# Hollow form



## Vern Tator (Sep 16, 2012)

It took 4 finials to get it right, or as right as it s going to get. The form is Maple and the finial is Burmese Blackwood. It is 5 3/8" diameter x 9" total height.

[attachment=10745]
[attachment=10746]
[attachment=10747]


----------



## rockb (Sep 16, 2012)

You certainly got that one right Vern......a great piece. For a guy who can hardly spell "finial" (me).....how do you make them? a screw chuck in the "big" end? Thanks for posting that project.


----------



## Mike1950 (Sep 16, 2012)

WOW very nice -Agree with Rocks question. HOW???


----------



## BarbS (Sep 16, 2012)

Oh yes, great proportioning. That's tricky with finials. I love this.
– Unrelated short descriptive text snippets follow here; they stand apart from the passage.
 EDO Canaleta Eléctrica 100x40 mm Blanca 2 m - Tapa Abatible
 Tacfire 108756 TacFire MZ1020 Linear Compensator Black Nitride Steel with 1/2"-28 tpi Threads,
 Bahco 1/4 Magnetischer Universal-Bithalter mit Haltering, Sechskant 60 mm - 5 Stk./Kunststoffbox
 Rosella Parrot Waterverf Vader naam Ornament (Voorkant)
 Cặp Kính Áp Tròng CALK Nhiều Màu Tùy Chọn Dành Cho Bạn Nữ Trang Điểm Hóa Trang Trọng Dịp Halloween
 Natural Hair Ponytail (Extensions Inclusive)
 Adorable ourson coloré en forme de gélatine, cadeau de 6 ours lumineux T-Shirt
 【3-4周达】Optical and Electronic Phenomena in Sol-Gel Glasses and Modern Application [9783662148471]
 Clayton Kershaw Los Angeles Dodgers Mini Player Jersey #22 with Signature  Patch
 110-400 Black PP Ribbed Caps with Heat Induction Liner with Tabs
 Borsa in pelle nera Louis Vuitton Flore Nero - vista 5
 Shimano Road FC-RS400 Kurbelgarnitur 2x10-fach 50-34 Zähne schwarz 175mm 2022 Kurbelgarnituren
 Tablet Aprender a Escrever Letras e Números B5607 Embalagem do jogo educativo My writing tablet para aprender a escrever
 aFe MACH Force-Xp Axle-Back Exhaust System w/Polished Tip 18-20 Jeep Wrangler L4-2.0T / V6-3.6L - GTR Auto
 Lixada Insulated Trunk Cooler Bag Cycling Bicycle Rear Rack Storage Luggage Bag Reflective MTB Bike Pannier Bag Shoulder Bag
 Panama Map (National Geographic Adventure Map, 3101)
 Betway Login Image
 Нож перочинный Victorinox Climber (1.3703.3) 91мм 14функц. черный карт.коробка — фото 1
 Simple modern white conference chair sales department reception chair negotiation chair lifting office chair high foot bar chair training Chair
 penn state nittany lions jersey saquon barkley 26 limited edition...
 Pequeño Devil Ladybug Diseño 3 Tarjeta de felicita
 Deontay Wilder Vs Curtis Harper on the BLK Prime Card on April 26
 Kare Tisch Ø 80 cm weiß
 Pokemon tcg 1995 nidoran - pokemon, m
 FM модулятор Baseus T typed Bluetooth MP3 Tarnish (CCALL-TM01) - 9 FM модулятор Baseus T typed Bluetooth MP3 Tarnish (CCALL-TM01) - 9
Nice!


----------



## DKMD (Sep 16, 2012)

Cool! I love the detailing in the finial, and the main form is sweet!


----------



## phinds (Sep 16, 2012)

Really nice, and I agree w/ the other statements that the detail on the finial is terrific.


----------



## HillybillyGirl (Sep 16, 2012)

Just beautiful


----------



## NYWoodturner (Sep 16, 2012)

Vern - You nailed it !. The proportion of the finial to the form is spot on - the shape of the form is perfect - the finial shape is awesome... finish rocks... don't know what else to say - you nailed it !
Scott


----------



## gridlockd (Sep 16, 2012)

Unbelievable! absolutely amazing. been wanting to get a hollowing tool, this may be just the push I need! beautiful work!


----------



## woodtickgreg (Sep 16, 2012)

Beautiful! That's the kind of stuff I like. Great form on the vessel and the finial tops it perfectly.


----------



## Vern Tator (Sep 16, 2012)

Aww gee shucks, Thanks Guys and girls. The finial is a 2 part thing. The base that goes into the form is 3/4" thick and ends at the top of the bead at the top of the cove. The thin part has a 3/8" stem that is glued into the top of the finial base. I started with a piece of Blackwood that was a full 2"x2"x12" I cut off 4 3/4" bases and then split the remainder into 4 1x1x 8. That way I can line up the grain and make it appear to be all one piece. I will try to post a picture of the process tomorrow. If I don't get it done tomorrow it will have to wait a week, because I am headed to the high country of Colorado on Tuesday for a week.


----------



## Vern Tator (Sep 17, 2012)

Okay, The first pic is a finial base in a chuck.
[attachment=10846]

Next shows the parts before assembly. I think about the piece better if I turn these 2 parts separately. Also when I screw up I don't loose as much material.
[attachment=10847]

This shows the parts sitting together, no sense in gluing until I am sure I have a winner.
[attachment=10848]

I like to be sure that the buyer gets a little something extra when they open the form, so I put some detail under the base.
[attachment=10849]

This is the group of applicants for this form. The tall one and the cherry one may find a home on another piece someday. The other parts are just scrap ideas. The black one, ink dyed Holly, was the sample that put me onto the final finial.
[attachment=10850]


----------



## Mike1950 (Sep 17, 2012)

Nice work- have a good trip - Hunting?


----------



## Vern Tator (Sep 17, 2012)

Mike1950 said:


> Nice work- have a good trip - Hunting?


No not hunting. It is Pioneers weekend in Vail. The town is 50 years old this year and it is a celebration for the oldtimers. The people who know where the bodies are buried, because we buried them. It was a town of 500 people year round when I got there. If we saw someone we didn't know between ski seasons we pointed them to the gas station, because they were obviously lost. Now it is the largest ski area in the US. So I'm going to spend time with old ( in every sense) friends.


----------



## dean jordan (Sep 17, 2012)

looks like the right finial to me. great work Vern


----------



## cabomhn (Sep 19, 2012)

Very nice work! I like the final finial you come up with. That is something that I have yet to try but I am hoping to give one a shot later this year.


----------